Wir, die Steuerzahler, haben die Autobahnen schon vielfach bezahlt. Jetzt sollen wir noch für die Benutzung herhalten. Weder dir KFZ-Steuern noch die Benzinsteuer fließen komplett in den Straßebau, sondern dienen zum Stopfen der vielen Finaznlöcher. Und genau das soll die Maut auch tun. Hoch lebe die Abzocke unseres Staates!

Gast auto.de

November 16, 2009 um 8:25 am Uhr

Der von der Menschheit verursachte CO2 Ausstoß liegt bei 2,5 % des Gesamtaufkommens – wenn wir jetzt davon 2 % reduzieren retten wir natürlich die Welt…
Im Himmel ist Jahrmarkt !!!

Gast auto.de

November 16, 2009 um 8:11 am Uhr

Hauptsache es ist nicht ihr Geld. Wie zu Ostzeiten… der Kleine muß Zahlen. Demokratie kann ich nur lachen…

Gast auto.de

November 16, 2009 um 3:27 am Uhr

Jogi, Du hast ’ne Anmelde-Neurose! Wenn man hier ohne Anmeldung posten kann, ist es wohl auch ok, das zu tun.
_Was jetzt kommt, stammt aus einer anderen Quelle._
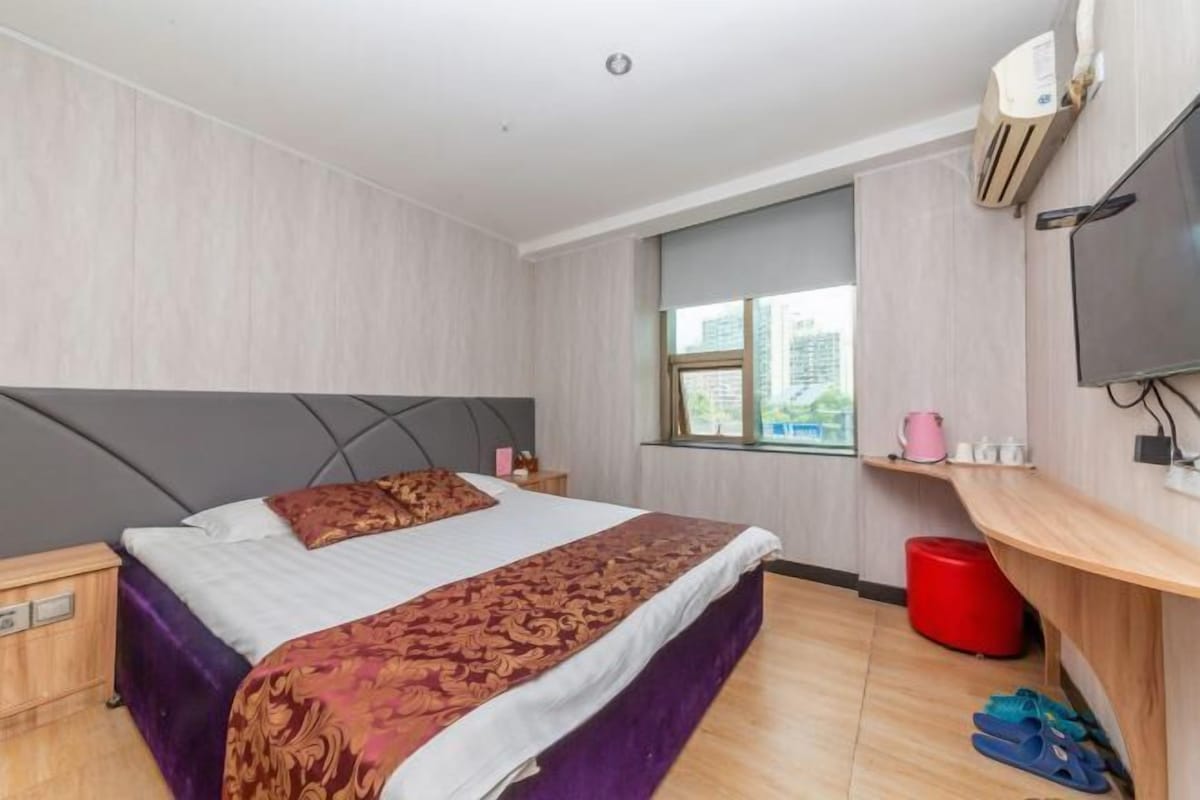 Une chambre d’hôtel avec un lit, une télévision, une fenêtre, une poubelle rouge et une étagère en bois sur laquelle sont posés divers objets.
Klappe, Ende, fertich!

Gast auto.de

November 16, 2009 um 12:54 am Uhr

Nötig wäre eine kräftige Erhöhung der Mineralölsteuer (Vorschlag: Erhöhung um 1€ pro Liter Kraftstoff), um die CO2-Belastung kräftig zu reduzieren! ——– Wer solch enen schwachsinn schreibt dem gehört der Führerschein mitsammt seiner Karre genommen und "nur" noch zu Fuß rausgejagt werden. Solche Typen überlegen wohl nicht das es leute gibt die damit ihren Lebensunterhalt verdienen müßen wenn sie weite strecke fahren müßen + nicht immer die Arbeitsstäte im Haus haben oder sich "Anwalt oder Arzt " nennen dürfen. Dann nimm dein Fahrad dann dienste der Welt besser damit als soch einen blödsinn zu schreiben.